Give the data below again exactly as written, without its pictures.

** Raw data follows **

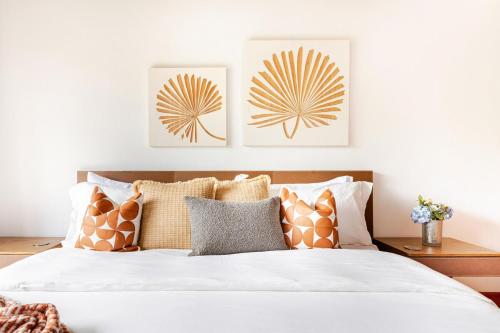 a bedroom with a bed with pillows and art on the wall at Casa Cielo 3 BR Penthouse with Views in La Romana
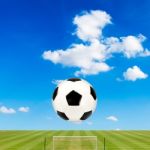 Soccer Ball With Soccer Field Against  Blue Sky Background Stock Photo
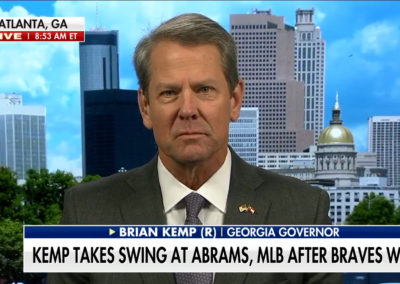 Gov. Brian Kemp in front of background image of Atlanta skyline including the Capitol building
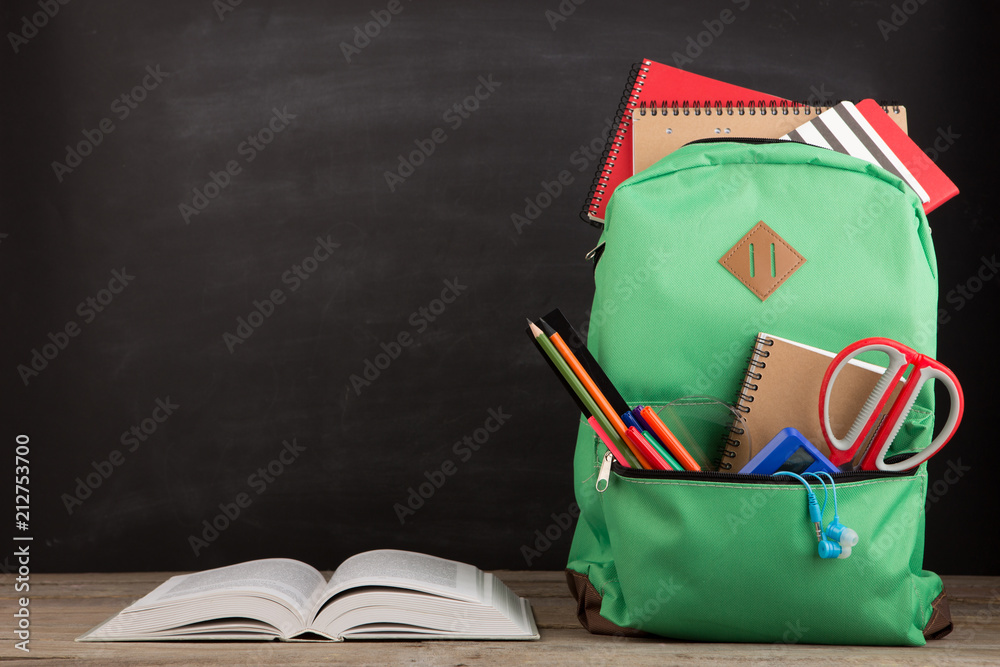 教育理念-带书本和其他用品的学校背包，黑板背景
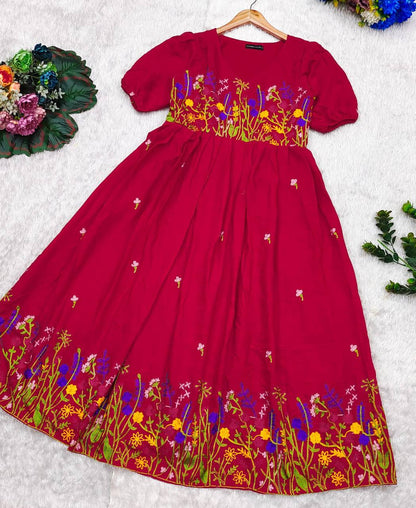 Red Rangbhoomi Floral Embrace dress with chain stitch embroidery detail. Maska cotton, 48-inch length.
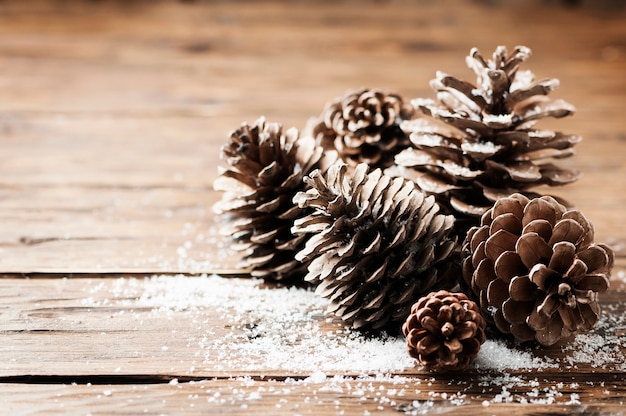 Cartão de Natal com cones na mesa de madeira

** End of Raw data **

— Written solution —
 a bedroom with a bed with pillows and art on the wall at Casa Cielo 3 BR Penthouse with Views in La Romana
 Soccer Ball With Soccer Field Against  Blue Sky Background Stock Photo
 Gov. Brian Kemp in front of background image of Atlanta skyline including the Capitol building
 教育理念-带书本和其他用品的学校背包，黑板背景
 Red Rangbhoomi Floral Embrace dress with chain stitch embroidery detail. Maska cotton, 48-inch length.
 Cartão de Natal com cones na mesa de madeira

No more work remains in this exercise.